[SUPPLIED ENTRIES — start]

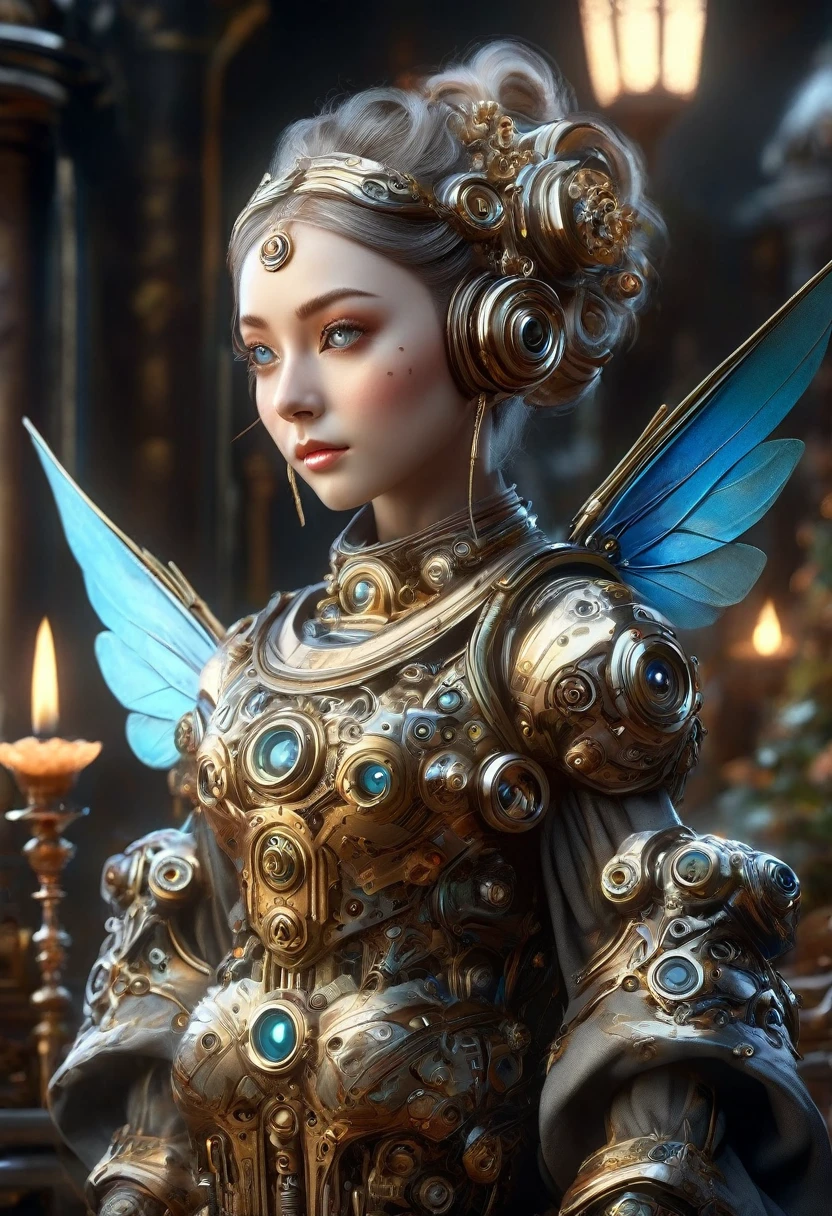 masterpiece, best quality, highly detailed,, solo, twintails, off-shoulder sweater, choker, large glasses, gold locket, jacket, hairband, looking at viewer, smile, blush, Wide Smile, Eyes Detailed & Wide, sexy Pose. Ultra HD, Rococo-Inspired Fantasy Art With Intricate Details. Cute, ooking at viewer Beautiful Eyes, An-Ideal-Figure. symmetrical face, photorealistic, photography, path tracing, specular lighting, volumetric face light, path traced hairmaximum quality{(masutepiece) (8K High Resolution) (top-quality) In the style of breath of the wild.medieval monastery garden,steampunk robot monk,beautiful ornate architecture,steampunk machinery and gears,exquisite stained glass windows,enchanted flower garden,ancient stone walkway with intricate carvings,glowing candles and dimly lit atmosphere,steam and smoke billowing from the machinery,mystical atmosphere,peaceful and serene setting,mechanical wings attached to the robot monk's back,robot monk with intricate clockwork mechanisms,electromechanical eyes glowing with energy,warm golden color palette,gentle sunlight streaming through the stained glass windows,whispering sound of wind and rustling leaves,the scent of aged books and incense,notes of ancient Gregorian chants echoing in the air,sense of awe and tranquility,combination of futuristic and medieval elements,harmony of technology and spirituality.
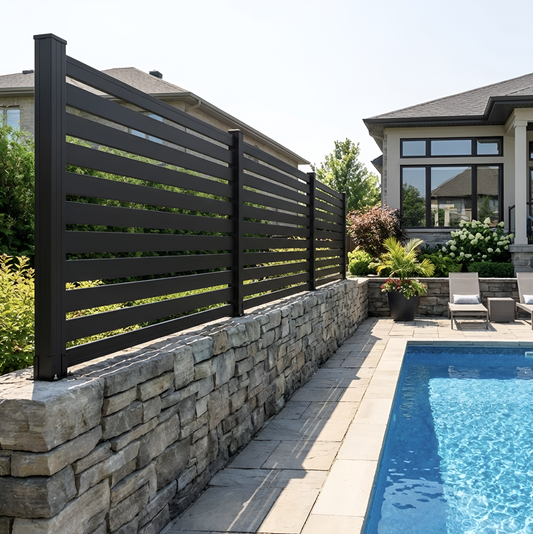 6 ft × 6 ft All-Aluminum Open Slat Fence Panel Kit with 1 Post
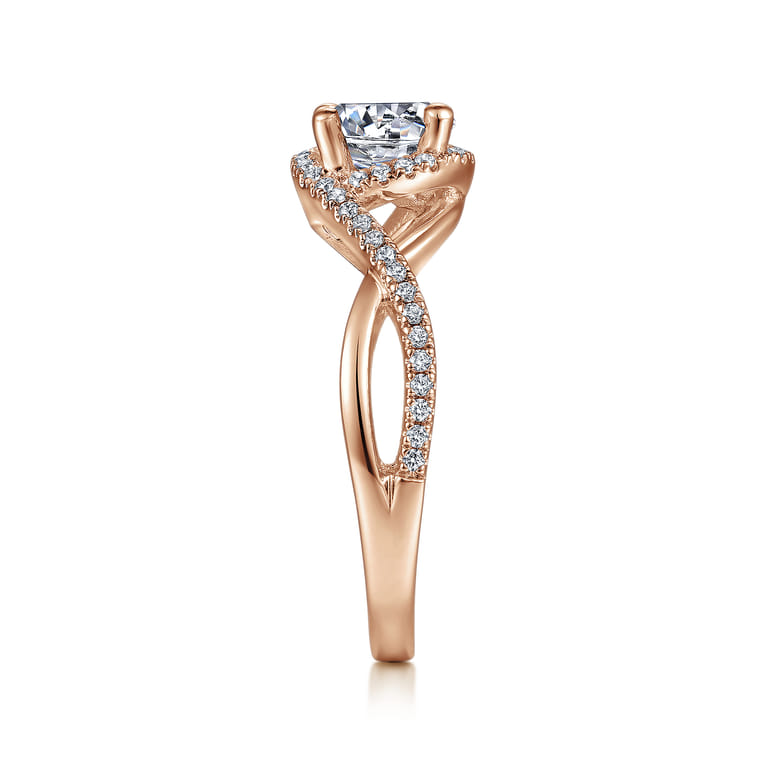 Courtney - 14K Rose Gold Round Halo Diamond Engagement Ring - 0.24 ct - Shot 5
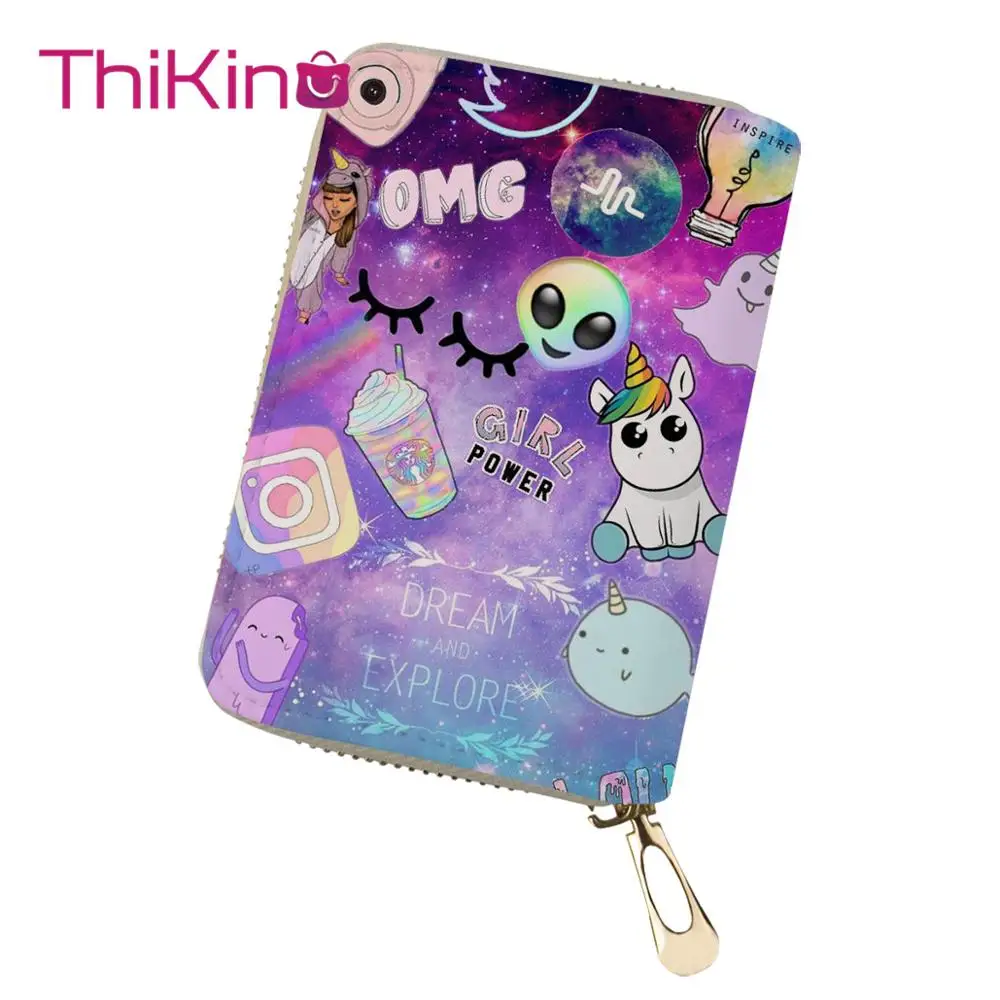 

Thikin Cartoon Alien Card Holder for Girls Teens Mini Card Bag Women Card Protector Students Card package Baby Storage Bags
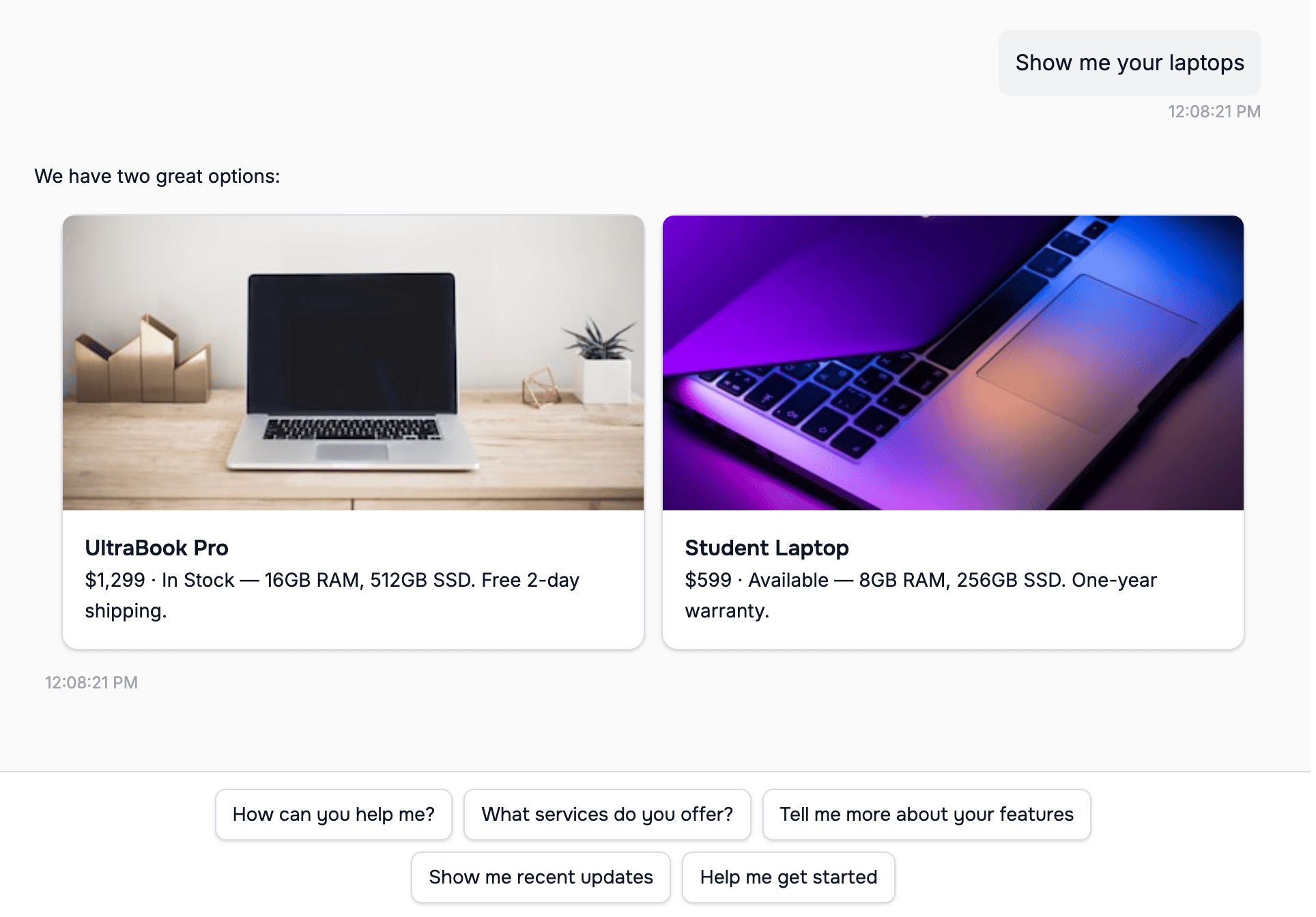 Formatted response rendered in the Lua Pop chat widget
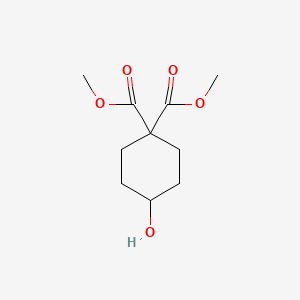 molecular formula C10H16O5 B8442057 1,1-Cyclohexanedicarboxylic acid, 4-hydroxy-, dimethyl ester 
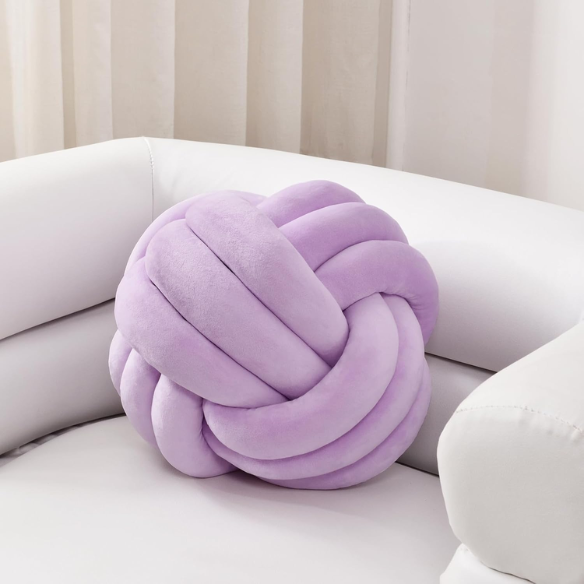 Lilac Geometric Decorative Throw Pillow – Soft Modern Cushion for Sofa, Bed, or Home Decor (22 cm & 28 cm Sizes)
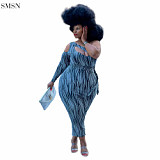 Fashion Printing One Shoulder Plus Size Women'S Dresses Plus Size Sexy Dress Long Dress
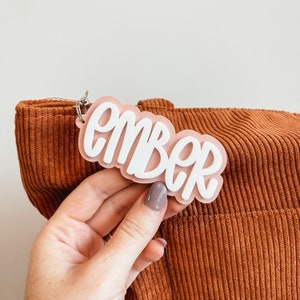 Acrylic Name Keychain, Backpack Name Keychain, 3D Name Keychain, Personalized Name Keychain, Backpack Name Tag, Diaper Bag Tag, Keychain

[SUPPLIED ENTRIES — finish]

WORK REQUIRED – Only the lines from the beginning of the records through the line bearing "Formatted response rendered" belong in the answer, copied word for word with pictures left out.

RESPONSE TO THE TASK –
 masterpiece, best quality, highly detailed,, solo, twintails, off-shoulder sweater, choker, large glasses, gold locket, jacket, hairband, looking at viewer, smile, blush, Wide Smile, Eyes Detailed & Wide, sexy Pose. Ultra HD, Rococo-Inspired Fantasy Art With Intricate Details. Cute, ooking at viewer Beautiful Eyes, An-Ideal-Figure. symmetrical face, photorealistic, photography, path tracing, specular lighting, volumetric face light, path traced hairmaximum quality{(masutepiece) (8K High Resolution) (top-quality) In the style of breath of the wild.medieval monastery garden,steampunk robot monk,beautiful ornate architecture,steampunk machinery and gears,exquisite stained glass windows,enchanted flower garden,ancient stone walkway with intricate carvings,glowing candles and dimly lit atmosphere,steam and smoke billowing from the machinery,mystical atmosphere,peaceful and serene setting,mechanical wings attached to the robot monk's back,robot monk with intricate clockwork mechanisms,electromechanical eyes glowing with energy,warm golden color palette,gentle sunlight streaming through the stained glass windows,whispering sound of wind and rustling leaves,the scent of aged books and incense,notes of ancient Gregorian chants echoing in the air,sense of awe and tranquility,combination of futuristic and medieval elements,harmony of technology and spirituality.
 6 ft × 6 ft All-Aluminum Open Slat Fence Panel Kit with 1 Post
 Courtney - 14K Rose Gold Round Halo Diamond Engagement Ring - 0.24 ct - Shot 5

Thikin Cartoon Alien Card Holder for Girls Teens Mini Card Bag Women Card Protector Students Card package Baby Storage Bags
 Formatted response rendered in the Lua Pop chat widget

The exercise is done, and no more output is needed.